Click and collect via lockers cannot succeed in isolation

In response to a post on Marketing Week’s Twitter account reporting Asos chief executive’s vow to “never open a bricks and mortar store” one reader exclaimed “What about the real world experience!”

Russell Parsons

For ASOS, of course, offering “the real world experience” has never been an issue. It is resolutely online only and is doing very well as a result thank you very much. 

The new front in the battle for dominance and presence between the UK’s biggest supermarkets has now entered the (un) real world.

This week Asda announced a deal that takes its click-and-collect service to tube stations across London for the first time. Commuters travelling through 6 stations can use Asda’s app to make same day orders from their local collection point. How very modern.

Asda is not stopping there. The deal with TfL is part of a wider plan to increase the number of click-and-collect locations from 218 to over 1,000 in the next five years.

Apart from satisfying what it and other supermarkets see as a consumer need for convenience and multiple channel options, Asda is taking its brand into parts of the country it cannot reach.

It is using click-and-collect as a platform for breaking into parts of the UK where its market share is low and it is under represented in the physical world but where it claims consumer demand is high.

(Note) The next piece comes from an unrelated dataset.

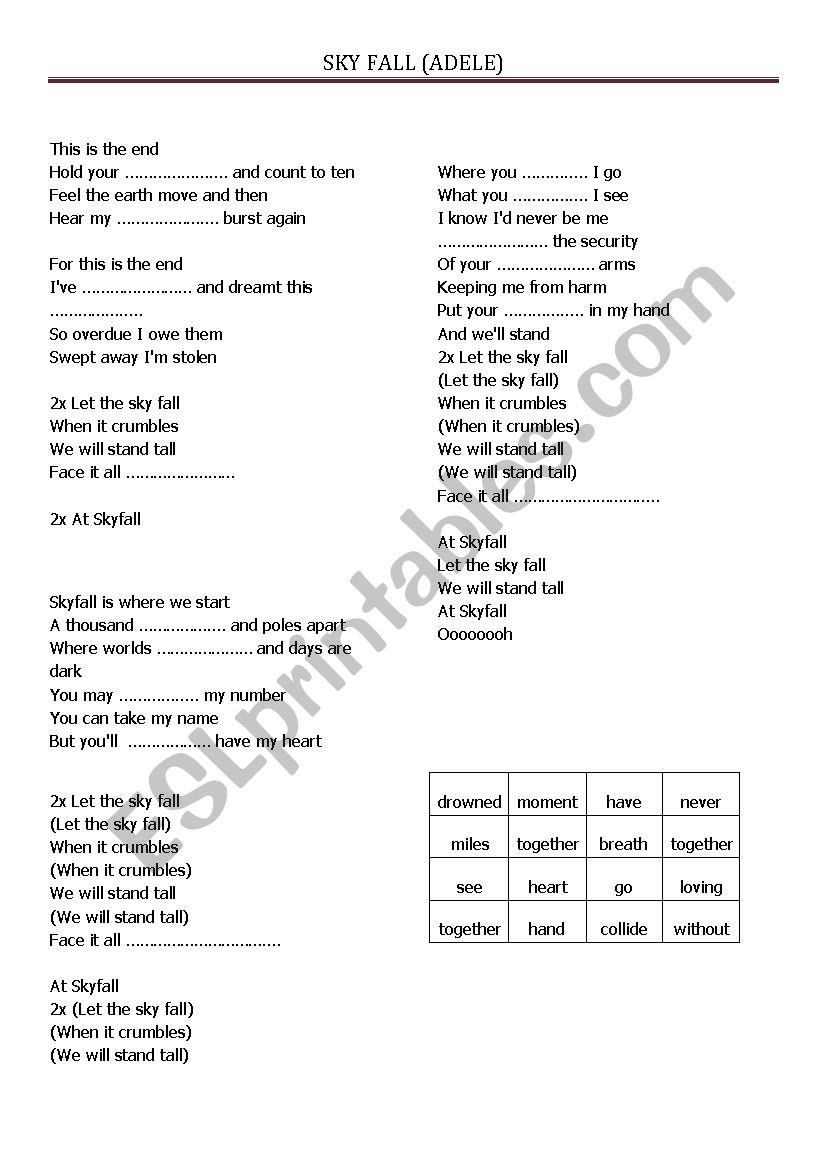 Adele - Skyfall worksheet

London, with its highly concentrated population and the majority of its population’s plentiful disposable income, is a priority. The aim is to increase access to Asda’s service to 70 per cent by 2018, up from the 53 per cent it is today.

Why bother going through the laborious and expense process of planning and building stores, or finding increasingly scarce space to expand its convenience footprint – still under represented in the South East – when it can bring the Asda brand right to where customers are every day.

It is not alone in launching such services. Waitrose launched automated temperature-controlled lockers for customers to collect the shopping they order online in locations where the supermarket does not have a store in July. 

Expect others to follow suit. As I say, it is the new frontier. One note of caution, however, and I will return to the concerns expressed by our tweeter.  If click and collect is the only channel customers engage with the relationship will remain tenuous. Online derived exchanges are usually secondary or complementary to the “real world” experiences not of themselves.

Asos works because it has developed its proposition and marketing from the off around being an online-only retailer. Click and collect in store or online deliveries are the by-product of a relationship fostered in physical stores. 

Click and collect in a locker cannot succeed in isolation.